Jim il Primo / The Last Gun Review
Often called the first solely Italian western, it was in fact the second: Albert Band's and Sergio Corbucci's Massacro al Grande Canyon has a lower registration number, but Jim il Primo was the first Italian western that was entirely filmed on Italian soil. Preceding Sergio Leone's A Fistful of Dollars (*1), it is important for historic reasons, but unfortunately it's a very modest production with little or no merit of its own.
A gang of cutthroats take over a western town, intent on stealing a gold shipment. While waiting for the gold to arrive, they start terrorizing the townspeople. Men are intimidated, women are sexually harassed, and the sheriff gets no support and is therefore powerless. A masked rider repeatedly turns up in the nick of time and some think that he is the legendary Jim Hart, the fastest gun in the West. But who is this Jim Hart really and why is he covering his face? Could it be that he is one of the townspeople? Or is it this guy called Guitar, who arrived in town in the company of the villains, but seems to have a hidden agenda?
The script is a hodgepodge of story snippets, taken from sources as various as the western serials (the Lone Rider type of avenger), the town under terror movies (the scared and passive townspeople) or a classic like Rio Bravo (the grumpy old timer, modeled after Walter Brennan's Stumpy). It all feels tossed together, without any sense of style or structure. It's not even clear who's supposed to be the central character: the masked avenger, the guitar player or even the leader of the bandits (Livio Lorenzon). Apparently director Bergonzelli tried to capture the feel of a Hollywood western, not to create anything new. The only signs that a new genre is making its first steps, are a particularly corny theme song (sung by Peter Tevis) and the amount of brutality towards women (it would become a recurrent theme within the genre). The bandits seem to have taken over the town for the women rather than the gold and even when they hold up a stagecoach, they try to rape one of the female passengers - the sheriff's beautiful wife - instead of stealing any money.

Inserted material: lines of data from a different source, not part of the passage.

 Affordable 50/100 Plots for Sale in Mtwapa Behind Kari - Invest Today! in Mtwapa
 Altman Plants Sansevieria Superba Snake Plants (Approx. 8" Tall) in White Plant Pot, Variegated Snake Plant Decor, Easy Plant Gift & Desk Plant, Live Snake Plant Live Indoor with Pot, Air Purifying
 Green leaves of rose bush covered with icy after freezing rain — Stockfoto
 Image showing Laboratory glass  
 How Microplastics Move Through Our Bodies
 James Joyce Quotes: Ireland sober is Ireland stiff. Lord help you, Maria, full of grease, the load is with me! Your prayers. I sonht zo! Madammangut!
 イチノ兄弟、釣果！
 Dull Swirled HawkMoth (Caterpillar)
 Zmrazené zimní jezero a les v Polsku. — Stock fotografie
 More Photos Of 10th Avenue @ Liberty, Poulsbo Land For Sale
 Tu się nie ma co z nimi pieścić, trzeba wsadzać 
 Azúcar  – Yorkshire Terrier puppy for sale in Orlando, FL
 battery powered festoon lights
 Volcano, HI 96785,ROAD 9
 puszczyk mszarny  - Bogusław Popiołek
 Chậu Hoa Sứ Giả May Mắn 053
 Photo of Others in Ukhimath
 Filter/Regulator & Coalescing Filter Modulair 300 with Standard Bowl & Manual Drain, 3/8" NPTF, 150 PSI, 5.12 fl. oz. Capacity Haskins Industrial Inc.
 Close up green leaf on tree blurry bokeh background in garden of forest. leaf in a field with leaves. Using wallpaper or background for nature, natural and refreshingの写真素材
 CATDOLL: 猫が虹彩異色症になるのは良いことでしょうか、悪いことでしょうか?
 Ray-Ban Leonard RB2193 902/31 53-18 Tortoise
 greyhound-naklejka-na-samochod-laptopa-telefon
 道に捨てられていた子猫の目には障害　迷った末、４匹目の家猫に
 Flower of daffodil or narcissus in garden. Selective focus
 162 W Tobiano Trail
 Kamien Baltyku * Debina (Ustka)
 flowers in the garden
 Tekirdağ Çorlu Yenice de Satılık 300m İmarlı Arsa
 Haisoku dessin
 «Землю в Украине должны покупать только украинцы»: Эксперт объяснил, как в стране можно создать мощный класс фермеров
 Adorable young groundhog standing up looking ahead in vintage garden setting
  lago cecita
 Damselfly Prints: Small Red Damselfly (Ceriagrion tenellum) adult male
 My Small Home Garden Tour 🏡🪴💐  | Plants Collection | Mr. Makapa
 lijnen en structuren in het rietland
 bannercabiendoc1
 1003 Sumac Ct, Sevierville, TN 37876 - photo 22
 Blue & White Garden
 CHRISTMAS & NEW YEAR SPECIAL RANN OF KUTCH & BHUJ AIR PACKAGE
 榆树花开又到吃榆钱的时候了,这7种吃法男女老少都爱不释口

Apparently the masked avenger was an afterthought. Cameron Mitchell threatened to abandon the production (and finally did) because he wasn't paid at the agreed time. Director Bergonzelli then decided that this legendary gunslinger Jim Hart would be unrecognizable in most scenes, so Mitchell could be replaced by a body double if necessary (*2). No doubt this is also the reason that in post-production Mitchell's lines were dubbed by a voice actor. The character Guitar (he plays with the right hand, shoots with the left) looks promising, but Austrian actor Möhner can't speak a line without giving a chuckle and after a while this quirk becomes unbearable. The villains all seem to have ingested laughing gas because whatever's happening on-screen, murder, torture, rape, or any other sort of mayhem, they all double up with laugher.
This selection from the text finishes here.